It is not probable that the master-spirits of the Annexation intrigue were either disappointed or displeased by this signal defeat of their first public movement. It is very certain that they were not disconcerted. For the Presidential Election of 1844 was now in immediate prospect; and they had two darling objects to achieve by the Annexation project: first, the defeat of Mr. Van Buren in the Democratic National Convention; next, the defeat of Mr. Clay before the people.

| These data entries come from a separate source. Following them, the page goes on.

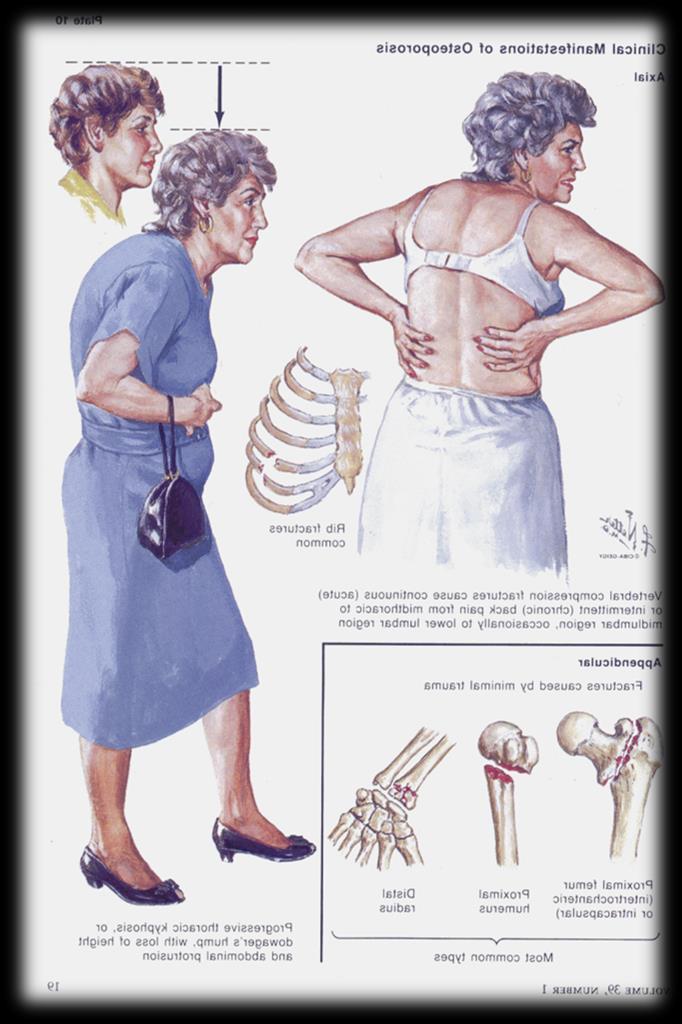 Kliniczna diagnostyka osteoporozy Wywiad chorobowy i badanie przedmiotowe: - Pogłębienie kifozy; - Deformacja klatki piersiowej; - Złamania samoistne; - Utrata wysokości ciała; - Ból; -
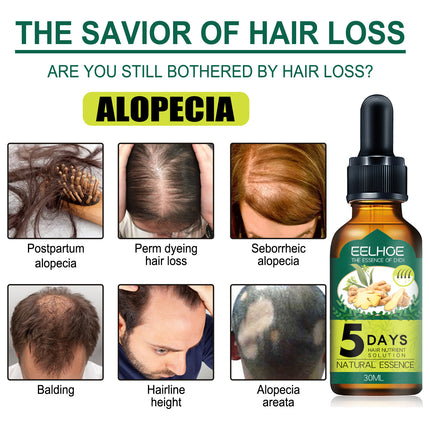 EELHOE Ginger Hair Essential Oil Moisturizes And Softens Hair And Repairs Frizzy Damaged Hair
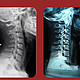 【颈椎曲度变直恢复全过程分享】一位颈椎疼痛患者的自述，面对颈椎曲线变直/反弓/富贵包时的做法~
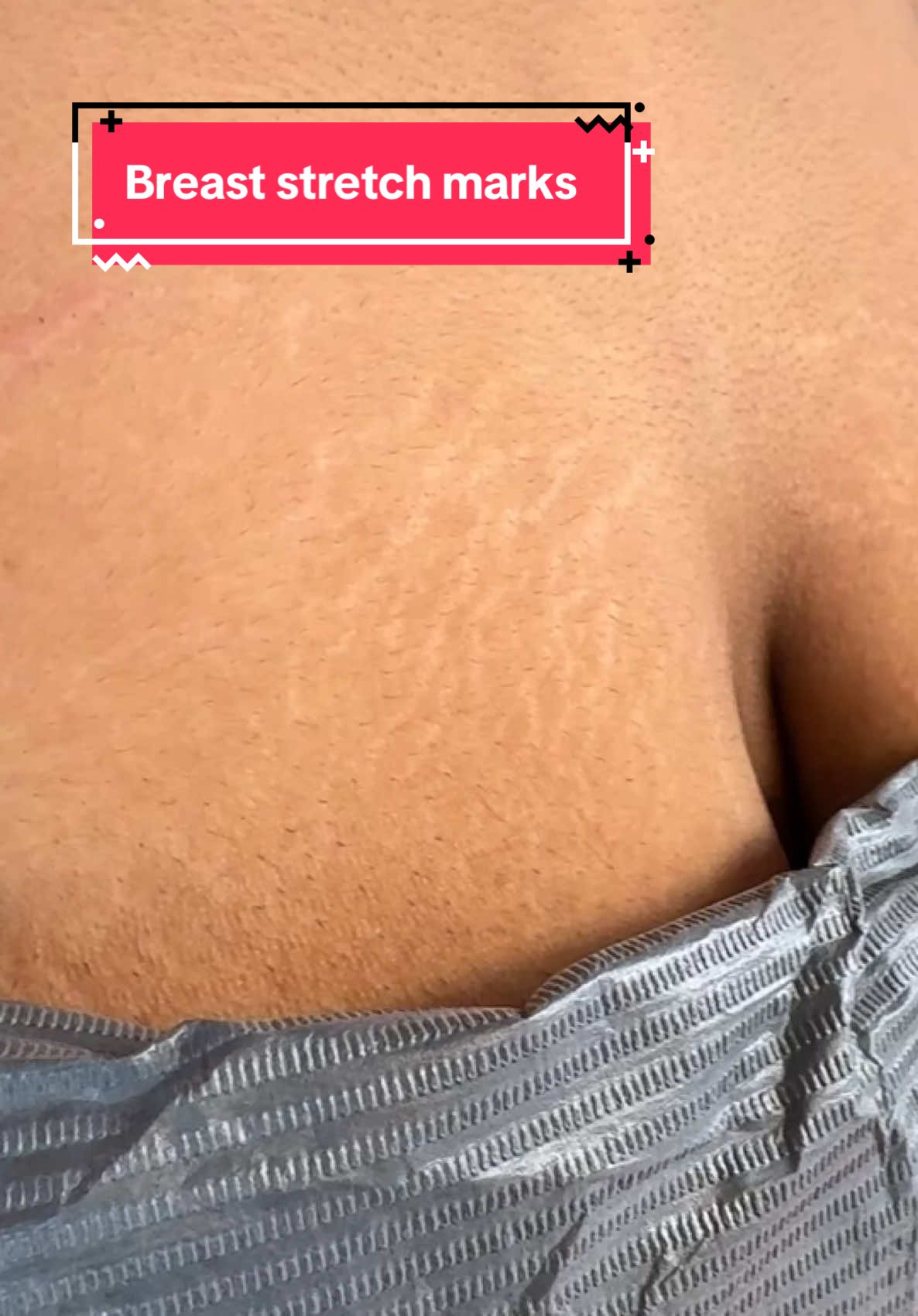 @Invisibleskinhelp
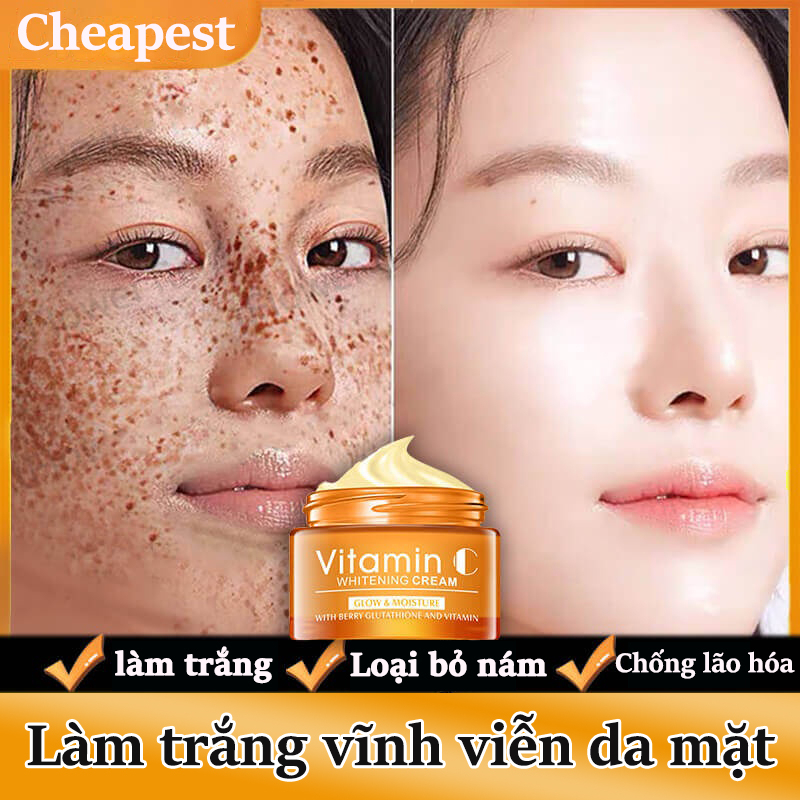 ⚡ GÌ CŨNG RẺ ⚡Kem bôi trắng da mặt kem tẩy trắng da cấp tốc xóa vết thâm nám,vết chân chim, làm mờ hắc tố, làm trắng da, kem trị nám tàn nhang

The defeat of Mr. Van Buren's nomination was first in order, and a matter of very considerable difficulty. He had been the candidate of the party at the preceding election, and beaten, as his supporters contended, “without a why or wherefore,” by a popular frenzy incited by disgusting, though artful, appeals to ignorance, sensuality, and every vulgar prejudice and misconception. The disorganization of the Whigs, following Gen. Harrison's death and Tyler's defection, had brought their antagonists into power in at least two-thirds of the States, and they were quite as confident as the Whigs of their ability to triumph in the approaching Presidential election.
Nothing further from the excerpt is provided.